● PROBLEM DESCRIPTION
A verbatim reproduction of the lines below, from the line containing "Building Photo - Beautiful" through the line containing "Knapperige rösti met", both ends included, is the whole required output.

● DATASET CONTENT

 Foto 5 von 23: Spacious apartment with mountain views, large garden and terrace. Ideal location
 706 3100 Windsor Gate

==

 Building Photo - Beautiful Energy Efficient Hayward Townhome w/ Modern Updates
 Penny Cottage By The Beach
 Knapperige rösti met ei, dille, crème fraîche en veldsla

● SOLUTION BELOW
 Building Photo - Beautiful Energy Efficient Hayward Townhome w/ Modern Updates
 Penny Cottage By The Beach
 Knapperige rösti met ei, dille, crème fraîche en veldsla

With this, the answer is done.